Robert Skinner, interim executive director of the Canada School of Energy and Environment, scoffs at the criticism. He points to northern Alberta’s harsh climate that severely restricts the opportunity window when on-site testing can occur. Moreover, the capital requirements are immense, with each test well costing millions. Moreover, with billions of dollars at risk, project developers often prefer to stick with the tried-and-true than with the sleek-and-new.
Then there are the conflicting interests of the many parties involved in innovation. Skinner describes the oil sands as “big skunk work” with lots of experimentation and trial and error hiccups. But when oil prices head south, enthusiasm for expensive experiments drops quickly. “Then the beakers [Skinner’s name for innovators] get shoved aside by the production engineers who are under pressure to show numbers for the next quarterly results. And investors themselves are not out there thinking about the latest twist on some SAGD wellhead configuration. Investors don’t care about that.”

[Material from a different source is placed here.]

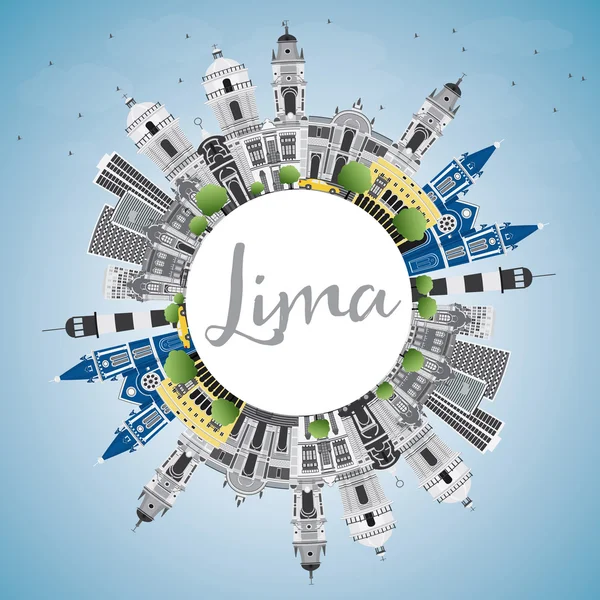 Lima Skyline com Edifícios Cinzentos, Céu Azul e Espaço Copiar . —  Vetores de Stock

At the end of the day, funding such innovation only makes sense if oil sands projects bring adequate levels of risk-adjusted investment returns. Today this depends largely on how effectively bitumen crude shippers can access prime markets. Thanks in no small measure to SAGD (and its technological cousins like cyclic steam stimulation), cumulative oil sands production is projected to reach 5.2 million barrels per day by 2030. That forecast may prove too optimistic if takeaway infrastructure is not put in place. On the other hand, if producers can get premium prices and thereby smartly boost netbacks, the development pace of in situ recovery innovation is poised to barrel full steam ahead.
* February 12, 2014: An earlier version of this article incorrectly attributed development of thermal-assisted gravity drainage. Athabasca Oil Corporation is the actual developer and patent-holder of this technology. Alberta Oil magazine regrets the error.